In the old days, kids, there weren’t a whole lot of channels to choose from. Which probably explains why the words “When he walks down the street…” will invariably lead a generation of Canadian TV viewers to continue with “He smiles at everyone,” as they launch into the theme from The King of Kensington, the 1975-80 sitcom starring Al Waxman as the titular Toronto titan.

Nobody seems to know who wrote this jaunty little number, with its Yiddish inflections, but we can give Terry Bush (music) and John Crossley (lyrics) credit for the countrified ode to the canine rambler that introduces The Littlest Hobo. The Greek-tinged instrumental intro to long-running CBC show The Beachcombers, composed by Robert Hales, also rings a nostalgic bell for those who fondly recall Molly’s Reach.


 

TV sports have made their mark in the public consciousness, of course. Look no further than The Hockey Theme, considered by some Canadians to be the second national anthem. The surging, triumphant tune was written by Juilliard-trained, B.C.-based composer Dolores Claman in 1968. It was associated with CBC’s Hockey Night in Canada broadcasts until 2008, when rights to the orchestral theme were purchased by CTV.


 

And then there are the children’s songs — the tunes we hear as youngsters that become an indelible part of our musical memories.
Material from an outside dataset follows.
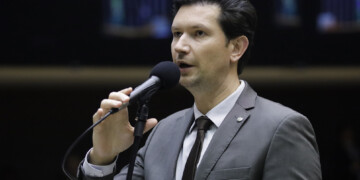 Com apoio do NOVO, Câmara Barra Taxação de Grandes Fortunas na Reforma Tributária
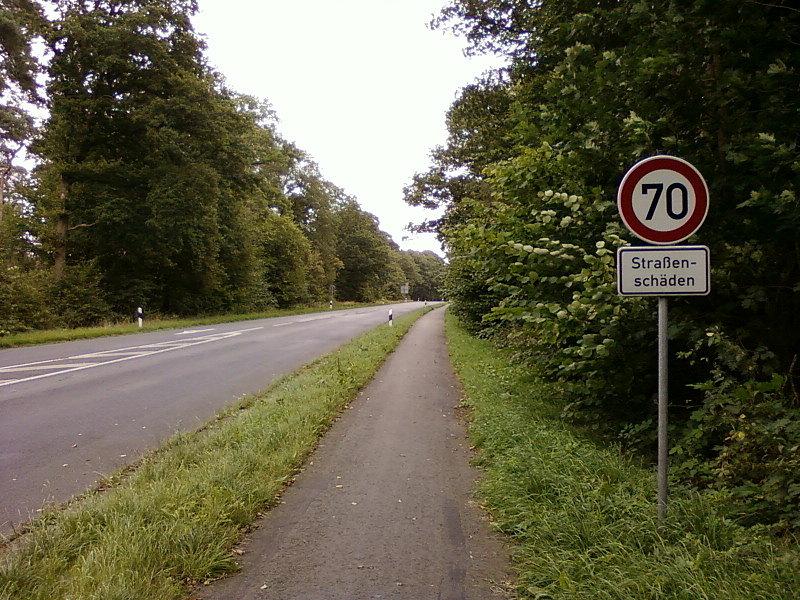 Rowerówka wzdłuż szosy do Remels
For Canadian kids, those include: The Cat Came Back, Winnipeg performer Fred Penner’s ode to a peripatetic pet; Baby Beluga, inspired by a whale Raffi saw at the Vancouver Aquarium; Skinnamarink, an update of a 1910 Broadway tune that became the signature song for Toronto’s Sharon, Lois and Bram; and Sandwiches Are Beautiful, local songwriter Bob King’s oft-covered homage to the finest of foods.


 

And let’s not forget the oddities and one-offs. Under the former category we find the novelty track Take Off, from the Grammy-nominated Great White North comedy album starring Bob (Rick Moranis) and Doug (Dave Thomas) McKenzie.

The song, featuring vocals from Rush’s Geddy Lee, reached No. 16 on the Billboard Hot 100 in 1982 (and actually ranks as the highest-charting song Lee would ever appear on). The stereotypical antics of everyone’s favourite beer-swilling SCTV hosers arguably influences the way Canadians are perceived in the U.S. to this day, eh? (The duo’s “coo-loo-coo-coo coo-coo-coo-coo” call is a spoof of the aforementioned Hinterland Who’s Who theme.)

 


 

https://www.youtube.com/watch?v=kS138NuLRzU

In the latter category, we have Tears Are Not Enough, Canada’s 1985 contribution to the supergroup charity-single craze to combat famine in Ethiopia. The group Northern Lights, intended to emulate the U.K.’s Band-Aid and the States’ USA for Africa, was made up of Canadian stars such as Bryan Adams, Neil Young, Gordon Lightfoot, Anne Murray, Bruce Cockburn, Paul Shaffer, Carole Pope, Burton Cummings, Dan Hill and many more. By 1990, the shmaltzy song had raised $3.2 million for famine relief.